■ Assigned task
Only the lines from the one containing "トマトドレッシングのトマト ハム サラダ" to the end of the records should be given again, word for word and in full.
Segment Start: Material for this task
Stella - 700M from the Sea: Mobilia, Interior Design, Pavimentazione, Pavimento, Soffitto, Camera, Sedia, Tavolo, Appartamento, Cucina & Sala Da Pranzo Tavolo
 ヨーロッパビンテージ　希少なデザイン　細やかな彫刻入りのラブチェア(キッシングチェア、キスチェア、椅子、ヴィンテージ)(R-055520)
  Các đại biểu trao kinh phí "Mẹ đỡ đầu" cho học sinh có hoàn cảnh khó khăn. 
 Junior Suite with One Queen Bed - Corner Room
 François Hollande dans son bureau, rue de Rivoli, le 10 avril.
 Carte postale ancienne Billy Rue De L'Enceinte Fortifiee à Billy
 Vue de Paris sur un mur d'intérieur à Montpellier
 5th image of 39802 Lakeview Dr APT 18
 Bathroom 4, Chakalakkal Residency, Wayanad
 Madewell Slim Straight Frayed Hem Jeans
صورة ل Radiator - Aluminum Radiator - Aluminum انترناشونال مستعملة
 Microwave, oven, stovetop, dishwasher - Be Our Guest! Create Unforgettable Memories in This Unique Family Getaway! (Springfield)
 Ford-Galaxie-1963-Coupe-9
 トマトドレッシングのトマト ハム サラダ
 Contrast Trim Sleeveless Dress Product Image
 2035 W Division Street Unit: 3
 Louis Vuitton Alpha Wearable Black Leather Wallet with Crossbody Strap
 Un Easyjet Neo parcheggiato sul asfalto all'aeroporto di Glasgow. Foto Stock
Segment End: Material for this task
■ Result of the exercise
 トマトドレッシングのトマト ハム サラダ
 Contrast Trim Sleeveless Dress Product Image
 2035 W Division Street Unit: 3
 Louis Vuitton Alpha Wearable Black Leather Wallet with Crossbody Strap
 Un Easyjet Neo parcheggiato sul asfalto all'aeroporto di Glasgow. Foto Stock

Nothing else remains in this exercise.